Hello all,
I wonder if anyone might be able to help me figure out how to backfill old log data into Loki. I have read the article on ingesting out-of-order logs as well as the relevant Loki documentation. I think that I have my instance configured so that it will accept older logs (as long as they are in a new stream).
I got to the point where I believe that I successfully inserted the old logs into Loki, but I could never see them in a query.
I was getting an error before I added a unique label to make a new stream. After adding the unique label, this error went away:
Oct 07 17:48:40 loki.waas.lab loki[35899]: level=warn ts=2024-10-07T17:48:40.461638229Z caller=grpc_logging.go:76 method=/logproto.Pusher/Push duration=90.166µs msg=gRPC err="rpc error: code = Code(400) desc = entry with timestamp 2024-09-13 00:05:33.839976 +0000 UTC ignored, reason: 'entry too far behind, entry timestamp is: 2024-09-13T00:05:33Z, oldest acceptable timestamp is: 2024-10-07T16:48:19Z',\nuser 'fake', total ignored: 1 out of 1 for stream: {cv_sp_num=\"1\", host=\"bloader.waas.lab\", job=\"splog-to-loki\", service_name=\"splog-to-loki\", site=\"ztl\", source=\"splog\", subsystem=\"cv\", system=\"field\"}"

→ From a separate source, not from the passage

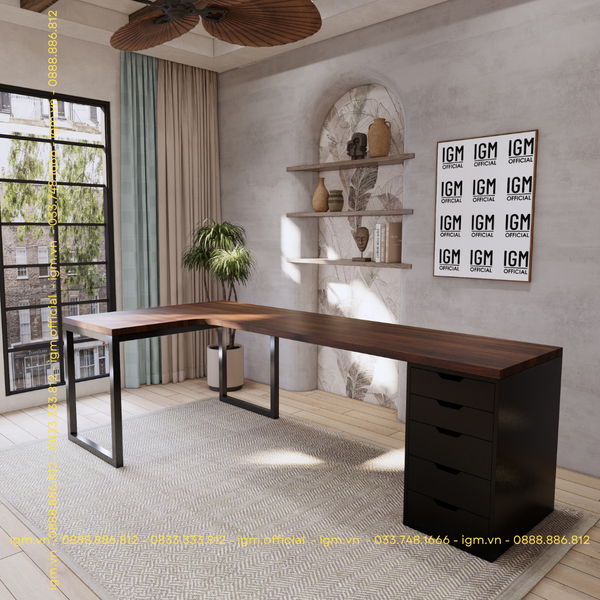Bàn IKEA  chữ L 1 Hộc tủ Đen (Mặt bàn MDF - Màu Óc chó )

Once I got past that and Loki apparently accepted the logs, I expected to see them in a query after a few hours passed (max_chunk_age). However, I when I checked after 12 hours I could not see the log entries in my query.
Any ideas or things I should check or try?
Thanks,
B. J. Potter
If you saw 204
when injesting your old logs then it should’ve been ok. Assuming your cluster is working correctly, it’s hard to say what the problem is. Couple of things I’d check:
- Do you see other logs around the same time frame?
- What is your configured value for
query_ingester_within
?
- If you ingest the logs without old timestamp (create another unique label, of course, for testing purpose), does it work?
- After ingesting the old logs do you notice additional chunk files being written into your backend storage at the time frame of your old logs?
- There is a gap in the time frame I am trying to fill and I never see anything in the gap. Normal new logs are still coming in though.
- It’s not in my configuration, so I guess the default of 3 hours
- Do you mean change the timestamp to a current time? I haven’t tried that. I can.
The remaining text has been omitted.